- Born: 29 December 1986 (age 39) Marburg, Hesse, West Germany
- Spouse: Count Nikolaus Bethlen de Bethlen ​ ​(m. 2018)​

Names
- German: Theodora-Louise Victoria Juliana Yvonne Prinzessin zu Sayn-Wittgenstein-Berleburg
- House: Sayn-Wittgenstein-Berleburg (by birth) Bethlen (by marriage)
- Father: Prince Ludwig Ferdinand of Sayn-Wittgenstein-Berleburg
- Mother: Countess Yvonne Wachtmeister af Johannishus

= Theodora Sayn-Wittgenstein =

German aristocrat (born 1986)

Princess Theodora zu Sayn-Wittgenstein-Berleburg (Theodora-Louise Victoria Juliana Yvonne; born 29 December 1986) is a German aristocrat and international relations professional. After completing a degree in international relations from the University of St Andrews in 2011, she worked in Jordan for a green energy firm owned by her father, Prince Ludwig Ferdinand zu Sayn Wittgenstein-Berleburg.

In 2014, Wittgenstein was arrested in Scotland and charged with breaching of the peace aggravated by religious prejudice, two counts of physical assault, and an offense under the 2012 Police and Fire Reform Act after she took off her clothes, made racist, homophobic, and anti-Muslim remarks, and physically assaulted two security personnel during an Oktoberfest party. She was fined £1,000 by Dundee Sheriff Court. In 2020, her family used the European Union's Right to be forgotten law to have Google remove 197 links from their search engine in Germany that led to articles about her arrest.

==Early life and family==
Wittgenstein was born on 29 January 1986 in Marburg and is a member of the House of Sayn-Wittgenstein-Berleburg, an old German noble family. She is the daughter of Prince Ludwig Ferdinand zu Sayn-Wittgenstein-Berleburg and Countess Yvonne Wachtmeister af Johannishus, a member of the Swedish nobility. Her paternal grandparents were Prince Ludwig Ferdinand of Sayn-Wittgenstein-Berleburg and Princess Friederike Juliane of Salm-Horstmar. She is a great-granddaughter of Richard, 4th Prince of Sayn-Wittgenstein-Berleburg and Princess Madeleine of Löwenstein-Wertheim-Freudenberg. Wittgenstein is the younger sister of the journalist and writer Anna von Bayern, Prince Carl Albrecht zu Sayn-Wittgenstein and the actor August Wittgenstein.

== Education and career ==
Wittgenstein was educated at boarding schools in Switzerland and the United Kingdom. She attended the University of St Andrews, where she earned a degree in international relations in 2011. She lived in Jordan while working for her father's green energy firm.

== Personal life ==
On 21 July 2018, she married Count Miklós "Nikolaus" Bálint Béla Bethelen de Bethlen in a ceremony in Bad Laasphe, North Rhine-Westphalia. She and her husband live on a property at Schloss Berleburg, her childhood home.
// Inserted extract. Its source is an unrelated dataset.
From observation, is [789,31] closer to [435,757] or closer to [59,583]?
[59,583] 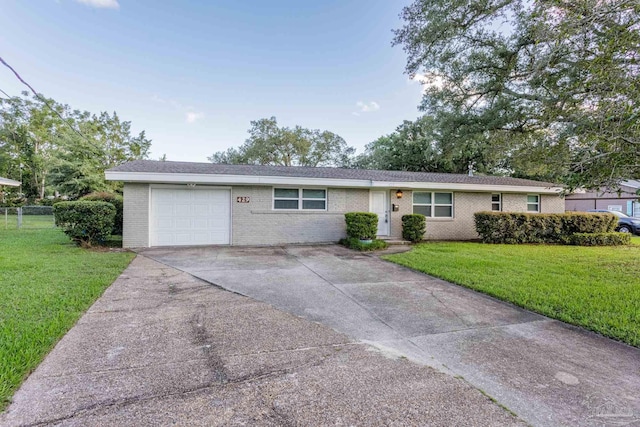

=== Anti-Islam incident and arrest ===
In March 2014, Wittgenstein was arrested after taking her clothes off, making homophobic remarks, yelling racial slurs, and making anti-Muslim remarks towards Farah Jasmin Hussain, a first aid responder, at an Oktoberfest party for University of St Andrews students at Kinkell Byre. She was put in leg restraints by police due to her aggressive behavior after she physically assaulted two members of staff. She was taken into police custody and held for two days.

Wittgenstein was fined £1,000 by Sheriff Mark Steward of the Dundee Sheriff Court. She admitted to one charge of breach of the peace aggravated by religious prejudice, two counts of assault, and an offence under the 2012 Police and Fire Reform Act. Wittgentstein's solicitor, Douglas Williams, said that she has a thyroid condition which may have contributed to her behavior.

In 2020, the House of Sayn-Wittgenstein-Berleburg tried to make online reports of Wittgenstein's arrest disappear via the European Union's Right to be forgotten law. Google removed nearly 200 links from its search engine about Wittgenstein's behavior at the Oktoberfest party and her arrest and fine. The incident raised questions about who has the "right to be forgotten" by law. In Google's bi-annual Transparency Report, where the company shares data about how governments and corporations make requests to the company, an entry in Germany was listed that included a "lawyer's removal request from a member of a German noble family" who was "prosecuted following a drunken night out in Scotland." As an outcome of the request, Google removed 197 links following a preliminary injunction against a third party that the identifying content is illegitimate.